The basic idea is to load the first 10 clips into VP. Scale them all to 0.1 and then using the  Position effect arrange them one under the other at the left end of the frame......


For each of these tracks the Horizontal position value is -45  The vertical values for each clip to line up under each other are...

  • -45
  • -35.3
  • -25.6
  • -16
  • -6.25
  • 3.57
  • 13.2
  • 22.7
  • 32.4
  • 42.3

With the first 10 clips lined up and playing Export the clip  (Default name Sequence 1)

Repeat for the remaining clips doing 10 at a time. This can be done relatively quickly if you select all the tracks and then set the Scale (0.1) and Horizontal position (-45) for the first clip and then  Append the chain effect to all the other selected clips in one go. Then simply set the vertical positions for each track from the above list.

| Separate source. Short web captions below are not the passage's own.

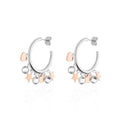 Orecchini a cerchio Lady Chic Wow Acciaio Bicolore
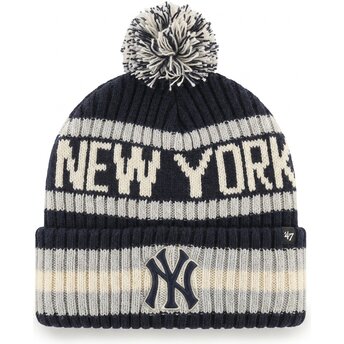 Čiapka ježko tmavomodrá Bering Cuff Knit New York Yankees MLB 47 Brand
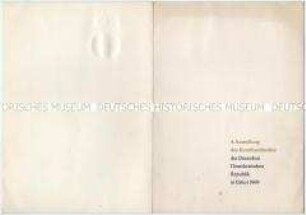 Urkunde für gute Leistungen auf der 4. Ausstellung des Kunsthandwerkes der DDR - Personenkonvolut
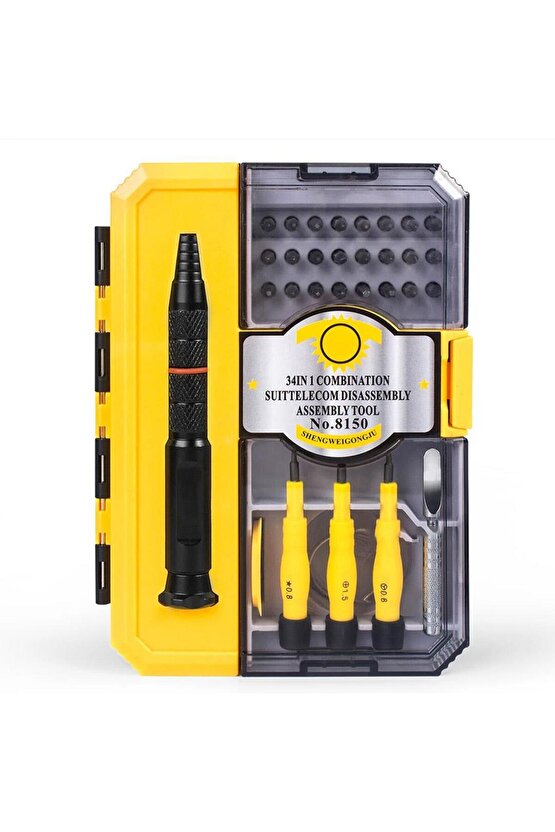 34 Uçlu Tamirci Tornavida Seti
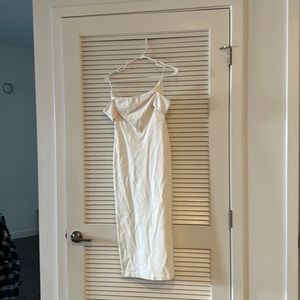 Zara white off shoulder dress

You will now end up with 10 exported clips  (Sequence 1 to Sequence 10) each having 10 images  one under the other on the left as shown above.

In order for VP to run without undue struggling we need to reduce these to 5 clips.

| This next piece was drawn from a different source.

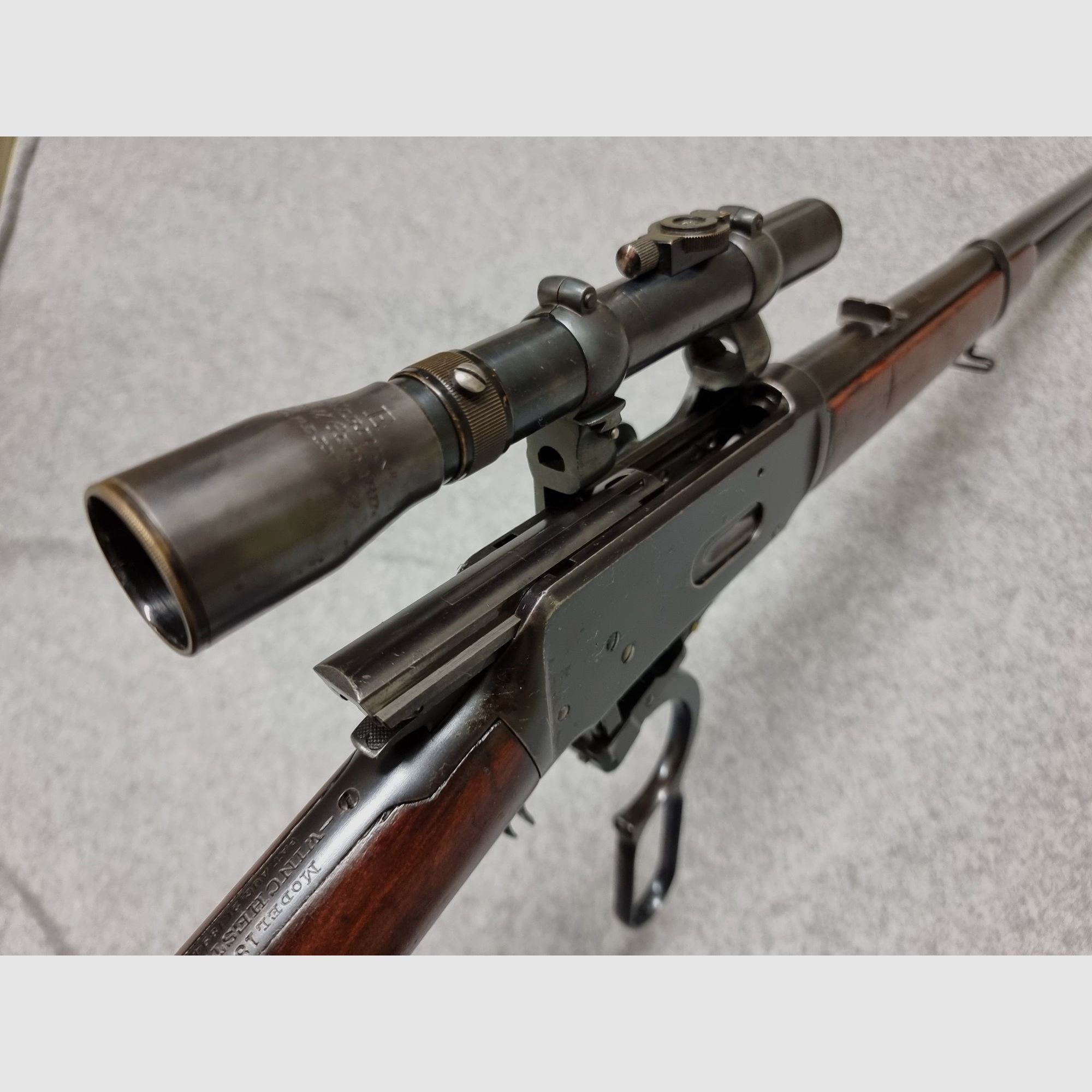 Original WINCHESTER 1894 - Year of manufacture 1898! Scope sniper rifle hunting - set trigger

  • Open VP and load Sequence 1 and Sequence 2
  • Place Sequence 1 on Track 1 and Sequence 2 on Track 2
  • Add a Position effect to Track 2 and set the Horizontal value at 10 and Vertical to 0  Both columns will now be visible...
  • bbb.jpg
  • Check all the clips play and Export the timeline. Let's call it "A"
  • Repeat the procedure for the remaining 8 exports, a pair at a time and you will finish up with 5 videos. (Each having 20 clips like the sequence preview above named  e.g.   A;  B;  C;  D; and  E

To create your 100 video clip multiscreen  load all 5 clips to VP. Place them  on separate tracks and then apply the Position effect to each track to move each successive clip to the right and so revealing the one underneath. Use the following Horizontal positions from Track 1 to Track 5. to do this.. (Vertical for each is 0)

  • 0
  • 20
  • 40
  • 60
  • 80
  • The result is all five tracks visible at the same time , each with two columns of 10 clips ,   making 100 clips playing at the same time.....


Since VP,  in this last step has only 5 clips to render it doesn't struggle in the preview as it might do with 100 clips and 100 tracks. At the most there are only 10 tracks at the outset and even on my old slow machine it seemed to cope with ten 1080 16:9 mp4 clips.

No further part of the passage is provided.